Locataires comme propriétaires sont tous logé·e·s à la même enseigne. Commence alors un long parcours pour ces femmes et ces hommes à qui on a demandé en trente minutes de rassembler l’essentiel de leurs affaires et de quitter les lieux, avant d’être envoyé·e·s dans une chambre d’hôtel de douze mètres carrés où certain·e·s passeront plusieurs mois, d’autres plusieurs années.
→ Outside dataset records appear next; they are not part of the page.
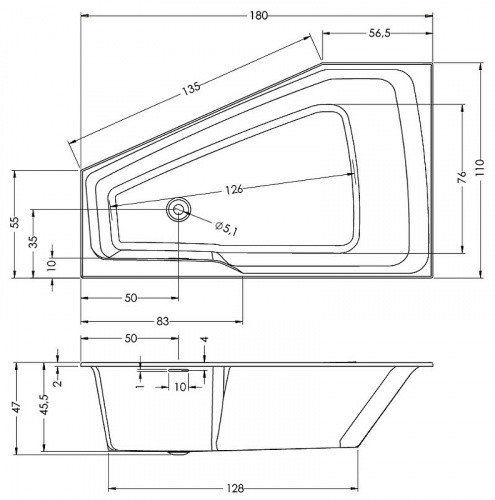 картинка Акриловая ванна Riho Rething Space 180х110 R B115001005 (BR1800500000000) без гидромассажа от магазина Сантехстрой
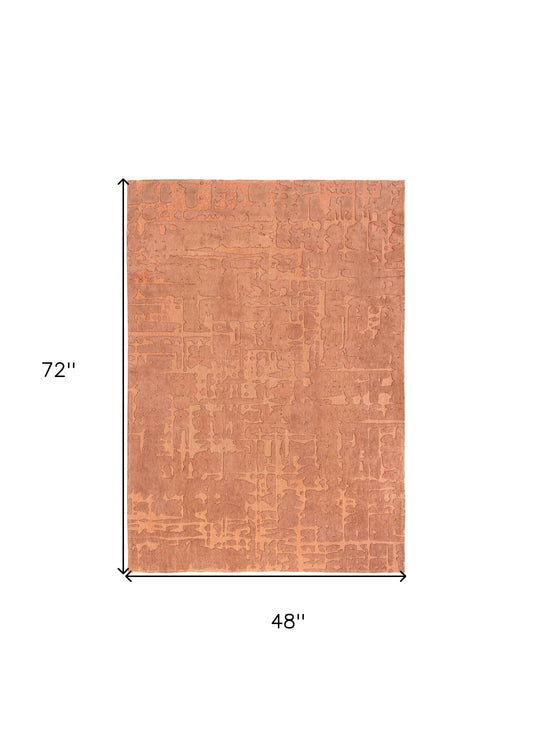 5' x 7' Orange Abstract Non Skid Area Rug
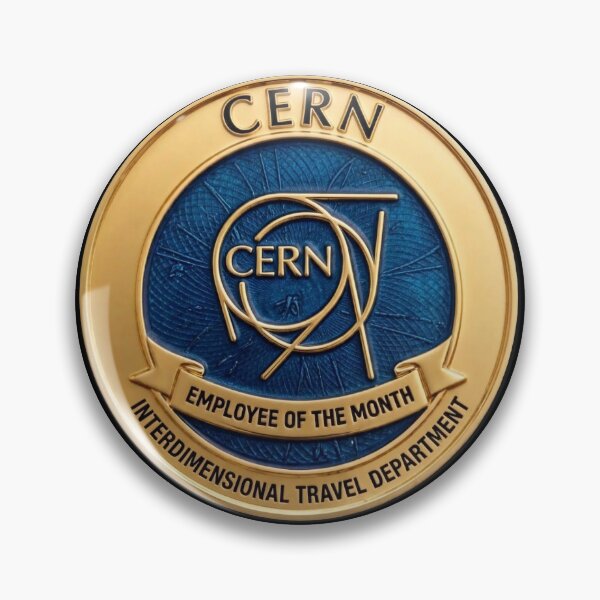 Item preview, CERN Interdimensional Travel Dept - Employee of the Month Fake Badge designed and sold by RogueSquirrels.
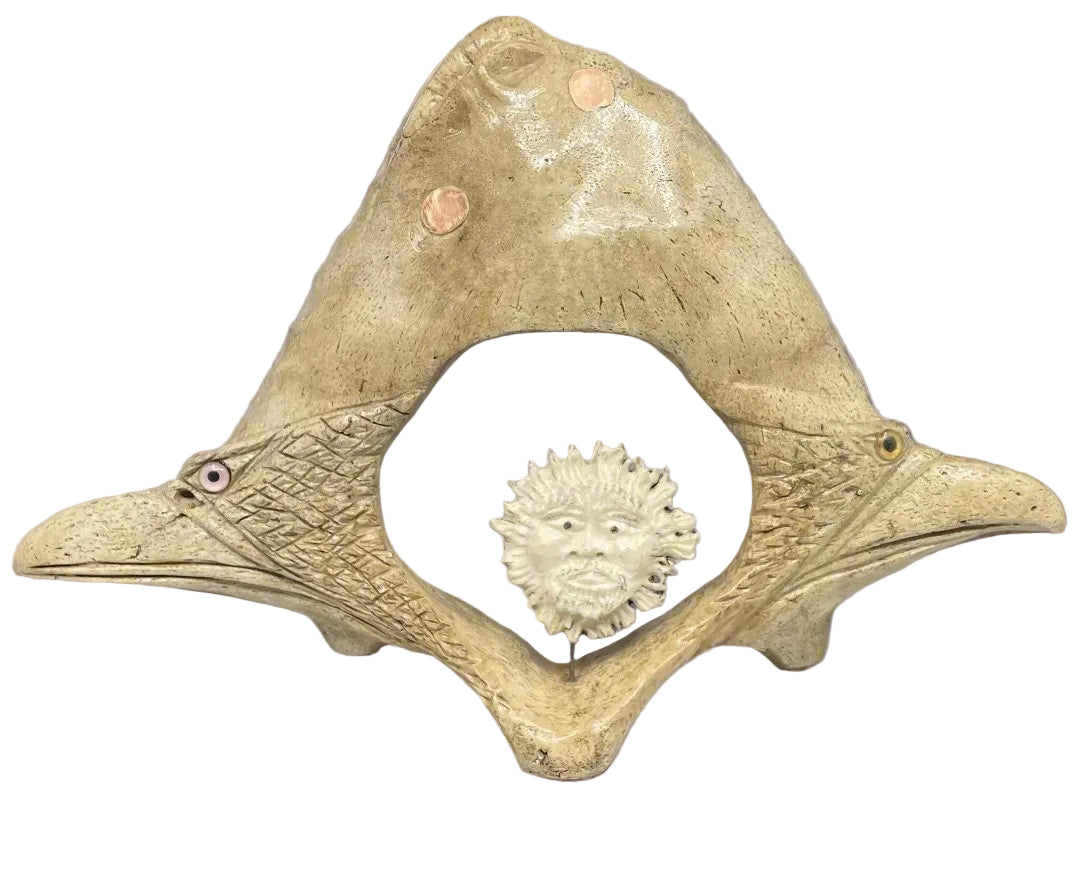 Sculpture- Vavalis; Carved Birds, & Antler Face (Center)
Très peu retrouveront leur appartement.
Dans son livre Indigne toit, le photographe Anthony Micallef a suivi ces habitant·e·s délaissé·e·s, abandonné·e·s à leur sort. Ces invisibles. Il a photographié et recueilli la parole et les visages de ces Marseillais·es qui, du jour au lendemain, ont perdu leur appartement. On retrouve Samih, Chaima et ses enfants, Fatima et Aberrazak, ou encore Fabien, qui partagent avec le photographe leur crainte de se retrouver à la rue, leurs rêves brisés, la peur du lendemain.
Anthony Micallef est aussi allé à la rencontre des professionnel·le·s qui gravitent autour de ces personnes : psychanalystes, militant·e·s, bénévoles, qui accompagnent les habitant·e·s dans cette épreuve car, au milieu de ce calvaire, une solidarité citoyenne puissante est née. “Comme toute faille, celle d’Aubagne laisse désormais passer la lumière”, écrit le photographe dans son introduction au livre.
Entre les citations des témoignages, les portraits et les détails capturés, les scènes de vie ou encore les flashcodes où l’on peut entendre la voix des personnes, Anthony Micallef raconte l’histoire d’un abandon, d’un effondrement, d’une disparition. D’une ville, Marseille, qui délaisse ses habitant·e·s.
“Bonne mère, semant des miettes pour perdre tes enfants dans des ruelles infanticides, ville aussi dure que la lumière qui l’inonde, terminus d’un voyage qu’on raconte ici, empli de dépit, fatigué et écumant comme une vague qui a traversé le monde pour venir lécher le sable d’un marchand de sommeil. Tous le savaient : chaque cité méditerranéenne est constituée d’une école sans maître et d’un cimetière qui attend.”
Couverture du livre “Indigne toit”, d’Anthony Micallef, publié par André Frère Éditions.
Indigne toit, d’Anthony Micallef, est publié chez André Frère Éditions.